Preferably at least 50 weight percent of the cobalt compound is insoluble in the amount of liquid used, more preferably at least 70 weight percent, and even more preferably at least 80 weight percent, and most preferably at least 90 weight percent. Preferably the cobalt compound is metallic cobalt powder, cobalt hydroxide or an cobalt oxide, more preferably Co(OH)₂ or Co₃O₄. Preferably the cobalt compound is used in an amount of up to 60 weight percent of the amount of refractory oxide, more preferably between 10 and 40 wt percent. Preferably the catalyst comprises at least one promoter metal, preferably manganese, vanadium, rhenium, ruthenium, zirconium, titanium or chromium, most preferably manganese. The promoter metal(s) is preferably used in such an amount that the atomic ratio of cobalt and promoter metal is at least 4, more preferably at least 5. Suitably at least one promoter metal compound is present in step (aa). Suitably the cobalt compound is obtained by precipitation, optionally followed by calcination. Preferably the cobalt compound and at least one of the compounds of promoter metal are obtained by co-precipitation, more preferably by co-precipitation at constant pH. Preferably the cobalt compound is precipitated in the presence of at least a part of the titania or the titania precursor, preferably in the presence of all titania or titania precursor. Preferably the mixing in step (aa) is performed by kneading or mulling. The thus obtained mixture is subsequently shaped by pelletising, extrusion, granulating or crushing, preferably by extrusion. Preferably the mixture obtained has a solids content in the range of from 30 to 90% by weight, preferably of from 50 to 80% by weight. Preferably the mixture formed in step (aa) is a slurry and the slurry thus-obtained is shaped and dried by spray-drying. Preferably the slurry obtained has a solids content in the range of from 1 to 30% by weight, more preferably of from 5 to 20% by weight.
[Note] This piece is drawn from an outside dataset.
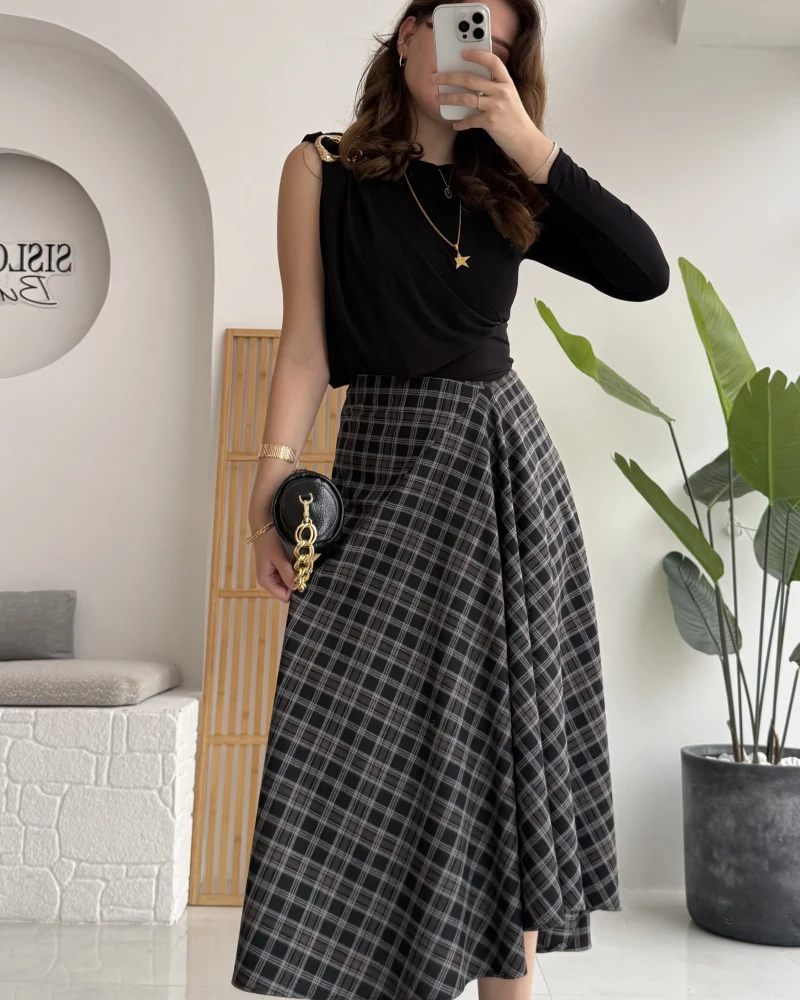 Eliza Asimetrik Kesim Ekose Desenli Etek - Siyah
Preferably the calcination is carried out at a temperature between 400 and 750° C., more preferably between 500 and 650° C. Further details are described in WO-A-9934917.

The Fischer-Tropsch process is typically carried out at a temperature in the range from 125 to 350° C., preferably 175 to 275° C. The pressure is typically in the range from 5 to 150 bar abs., preferably from 5 to 80 bar abs., in particular from 5 to 70 bar abs. Hydrogen (H₂) and carbon monoxide (synthesis gas) is typically fed to the process at a molar ratio in the range from 0.5 to 2.5. The gas hourly space velocity (GHSV) of the synthesis gas in the process of the present invention may vary within wide ranges and is typically in the range from 400 to 10000 Nl/l/h, for example from 400 to 4000 Nl/l/h. The term GHSV is well known in the art, and relates to the volume of synthesis gas in Nl, i.e. litres at STP conditions (0° C. and 1 bar abs), which is contacted in one hour with one litre of catalyst particles, i.e. excluding interparticular void spaces. In the case of a fixed catalyst bed, the GHSV may also be expressed as per litre of catalyst bed, i.e. including interparticular void space. The Fischer-Tropsch synthesis can be performed in a slurry reactor or preferably in a fixed bed. Further details are described in WO-A-9934917.
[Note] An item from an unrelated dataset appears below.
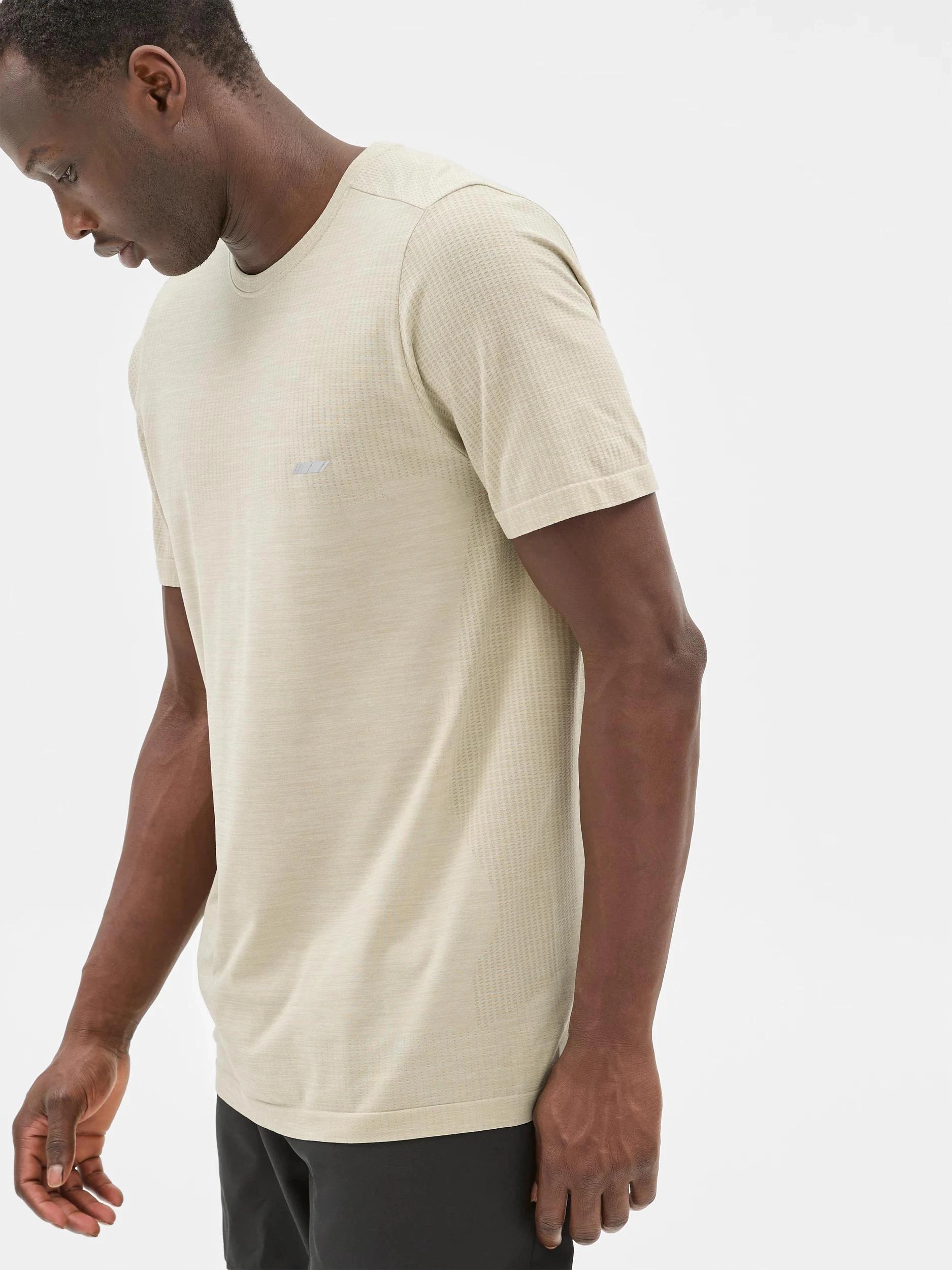 3 Target Active Training T-Shirt STONE, 3 of 6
Synthesis gas may be obtained by well known processes like partial oxidation and steam reforming and combinations of these processes starting with a (hydro) carbon feedstock. Examples of possible feedstocks are natural gas, associated gas, refinery off-gas, residual fractions of crude oil, coal, pet coke and biomass, for example wood. Partial oxidation may be catalysed or non-catalyzed. Steam reforming may be for example conventional steam reforming, autothermal (ATR) reforming and convective steam reforming. Examples of suitable partial oxidation processes are the Shell Gasification Process and the Shell Coal Gasification Process.
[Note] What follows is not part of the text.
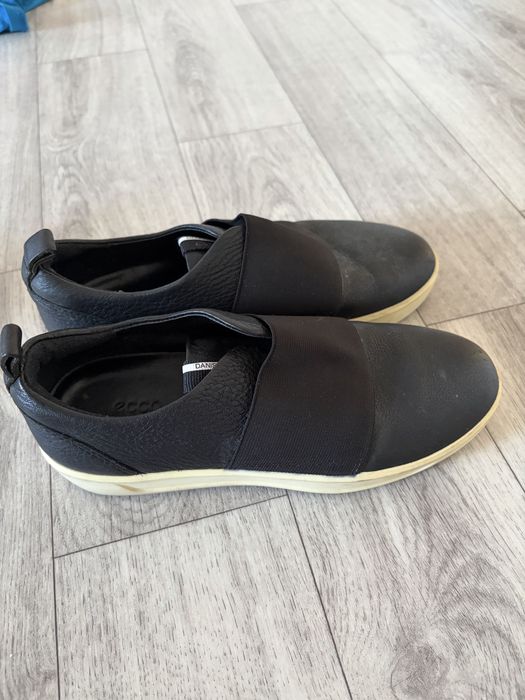 Продам женские слипоны 35 р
The Fischer-Tropsch product will contain no or very little sulphur and nitrogen containing compounds. This is typical for a product derived from a Fischer-Tropsch reaction, which uses synthesis gas containing almost no impurities. Sulphur and nitrogen levels will generally be below the detection limits, which are currently 5 ppm for sulphur and 1 ppm for nitrogen. The Fischer-Tropsch product can advantageously be directly used in step (a) without having to hydrotreat the feed to remove olefins and/or oxygenates.

The catalyst system used in step (b) will at least comprise of a catalyst comprising of a matrix and a large pore molecular sieve. Examples of suitable large pore molecular sieves are of the faujasite (FAU) type as for example Zeolite Y, Ultra Stable Zeolite Y and Zeolite X. The matrix is preferably an acidic matrix. The acidic matrix will suitably comprise amorphous alumina and preferably more than 10 wt % of the catalyst is amorphous alumina. The matrix may further comprise, for example, aluminium phosphate, clay and silica and mixtures thereof. Amorphous alumina may also be used as a binder to provide the matrix with enough binding function to properly bind the molecular sieve. Examples of suitable catalysts are commercially available catalysts used in fluid catalytic cracking processes which catalysts comprise a Zeolite Y as the molecular sieve and at least alumina in the matrix.

The temperature at which feed and catalyst contact is between 450 and 650° C. More preferably the temperature is above 475° C. and even more preferably above 500° C. Good gasoline yields are seen at temperatures above 600° C. However higher temperatures than 600° C. will give rise to thermal cracking reactions and the formation of non-desirable gaseous products like for example methane and ethane. For this reason, the temperature is more preferably below 600° C. The process may be performed in various types of reactors. Because the coke make is relatively small, as compared to an FCC process operating on a petroleum-derived feed, it is possible to conduct the process in a fixed bed reactor. In order to be able to regenerate the catalyst more simply, preference is nevertheless given to either a fluidised bed reactor or a riser reactor. If the process is performed in a riser reactor, the preferred contact time is between 1 and 10 seconds and more preferred between 2 and 7 seconds. The catalyst to oil ratio is preferably between 2 and 20 kg/kg. It has been found that good results may be obtained at low catalyst to oil ratios of below 15 and even below 10 kg/kg.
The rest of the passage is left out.